I started my career in sales carrying a quota and cold calling from a cubicle, just like thousands of other reps trying to hit their numbers. What separated my trajectory was an obsession with understanding not just what worked, but why it worked and how to teach others to replicate those results. That curiosity led me from individual contributor to sales leader, and eventually to specializing in helping other leaders build teams that actually perform.
Over the past decade, I have worked with hundreds of sales organizations across technology, services, and commerce sectors. I have seen every variety of sales team dysfunction imaginable, from toxic cultures that churn talent monthly to well-intentioned leaders whose teams underperform despite everyone working hard. These experiences taught me that sales leadership is a distinct skill set that most people are never formally taught. We promote top sellers into management roles and expect them to figure it out, which explains why so many sales teams struggle.

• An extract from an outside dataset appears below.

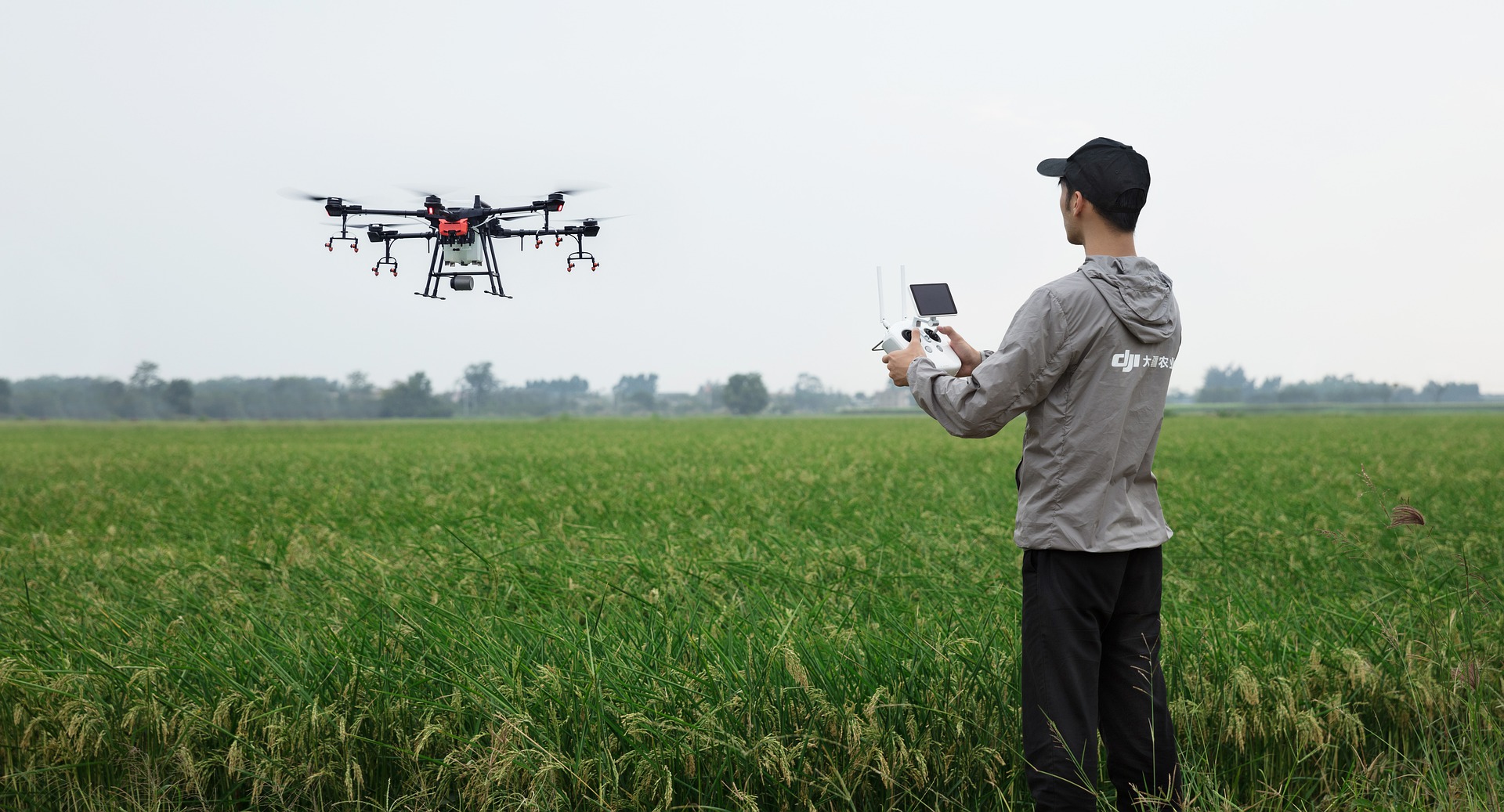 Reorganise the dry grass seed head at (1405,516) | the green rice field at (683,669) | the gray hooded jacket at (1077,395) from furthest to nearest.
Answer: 1. the green rice field at (683,669)
2. the dry grass seed head at (1405,516)
3. the gray hooded jacket at (1077,395)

My approach centers on systems over heroics. I believe that consistent revenue growth comes from repeatable processes, clear accountability, and developing people rather than replacing them. I focus on practical frameworks that sales leaders can implement immediately, not academic theories that sound good in conference rooms but fail in real selling environments. My methods are built from pattern recognition across thousands of sales situations, distilled into principles that work regardless of industry or product.
I have built my practice around one core belief: the sales leader is the most leveraged role in any revenue organization. A great individual contributor might double their own output through hard work, but a great sales leader can multiply the output of an entire team. That leverage fascinates me, and helping leaders unlock it has become my professional mission. My work focuses exclusively on the human side of sales leadership because technology and strategy are worthless without people who can execute them consistently. I live for the moment when a struggling manager finally understands how to coach effectively, or when a team that was missing quota starts exceeding it month after month because their leader learned to lead differently.